Position Paper for the W3C Workshop on Binary Interchange of XML Information Item Sets.
Submitted by Margaret Green, Ontonet.

1. What work has your organization done in this area?
Ontonet has implemented the XML Infoset, the DOM2 Core as a view onto that Infoset implementation, and a partial implementation of XQuery that queries the Infoset and returns sequences of DOM nodes as its results.

Fulfilling both with an eye to efficient exchange of document infosets is a design criterion. The next version will include PSVI and Infoset Exchange. We are actively working on the binary exchange know. We are researching compression now.

2. What goals do you believe are most important in this area? Reducing bandwidth usage is the primary goal. Eliminating redundant parsing is a secondary goal. Doing this without creating another logical model is our design goal.

3. What sort of documents have you studied the most?
We test documents of varied size, with and without namespaces, DTD and XML Schema.

4. What sorts of applications did you have in mind?
Processing by intermediaries is especially important -- SOAP intermediaries. XML Database replication and XQuery results are important uses.

5. If you implemented something, how did you ensure that internationalization and accessibility were not compromised?
The SAX parsing is augmented with pre-processing to obtain the prolog from the source. Success at this is limited; some input streams don’t enable this.
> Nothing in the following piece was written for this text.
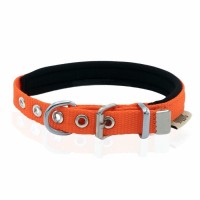 Doggie Dokuma Softlu Sade Köpek Boyun Tasması Turuncu 2,5x42-50 cm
Our implementation platform is Java. To the extent Java succeeds with international character sets, so we succeed.

6. How does your proposal differ from using gzip on raw XML?
Ontonet wants to exchange the XML Infoset. We intend to optimize our implementation to support compressible structure, namespace, and content section by learning lessons from XMILL.

7. Does your solution work with any XML? How is it affected by choice of Schema language?
Our next version includes Post Schema Validation Infoset (PSVI) information. Currently we augment SAX parsing with pre-processing to preserve in-line DTD declarations. If Relax NG can be exposed with SAX2 parsing we could incorporate it.

8. How important to you are random access within a document, dynamic update and streaming, and how do you see a binary format as impacting these issues?
Our database supports random access to information items, transactions, and update. The binary format is for exchange. The format should enable stream processing by intermediaries.